Georg Ebers

Georg Ebers
Ebers medical papyrus, giving treatment for cancer

Georg Moritz Ebers (Berlin, March 1, 1837 – Tutzing, Bavaria, August 7, 1898), German Egyptologist and novelist, discovered the Egyptian medical papyrus, of ca. 1550 BCE, named for him (see Ebers Papyrus) at Luxor (Thebes) in the winter of 1873–74. Now in the Library of the University of Leipzig, the Ebers Papyrus is among the most important ancient Egyptian medical papyri. It is one of two of the oldest preserved medical documents anywhere—the other being the Edwin Smith Papyrus (ca. 1600 BCE).

Biography

At Göttingen he studied jurisprudence, and at Berlin Oriental languages and archaeology. Having made a special study of Egyptology, he became in 1865 Dozent in Egyptian language and antiquities at Jena, becoming professor in 1868. In 1870 he was appointed professor in these subjects at Leipzig. He had made two scientific journeys to Egypt, and his first work of importance, Ägypten und die Bücher Moses, appeared in 1867–1868. In 1874 he edited the celebrated medical papyrus (Papyrus Ebers) which he had discovered in Thebes (translation by H. Joachim, 1890).

Ebers early conceived the idea of popularizing Egyptian lore by means of historical romances.
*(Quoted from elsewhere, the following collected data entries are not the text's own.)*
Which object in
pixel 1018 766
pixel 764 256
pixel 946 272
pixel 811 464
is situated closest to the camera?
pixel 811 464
Eine ägyptische Königstochter was published in 1864 and obtained great success. His subsequent works of the same kind—Uarda (1877), Homo sum (1878), Die Schwestern (1880), Der Kaiser (1881), of which the scene is laid in Egypt at the time of Hadrian, Serapis (1885), Die Nilbraut (1887), and Kleopatra (1894), were also well received, and did much to make the public familiar with the discoveries of Egyptologists. Ebers also turned his attention to other fields of historical fiction—especially the 16th century (Die Frau Bürgermeisterin, 1882; Die Gred, 1887)—without, however, attaining the success of his Egyptian novels.

His other writings include a descriptive work on Egypt (Aegypten in Wort und Bild, 2nd ed., 1880); Palestine in Picture and Word (Palästina in Bild und Word), an 1884 translation of the English series Picturesque Palestine, Sinai, and Egypt; a life (1885) of his old teacher, the Egyptologist Karl Richard Lepsius; and a guide to Egypt (1886). The state of his health led him in 1889 to retire from his chair at Leipzig on a pension.

Ebers's Gesammelte Werke appeared in 25 vols. at Stuttgart (1893–1895). Many of his books have been translated into English. For his life see his Die Geschichte meines Lebens (Stuttgart, 1893); also R. Gosche, G. Ebers, der Forscher und Dichter (2nd ed., Leipzig, 1887).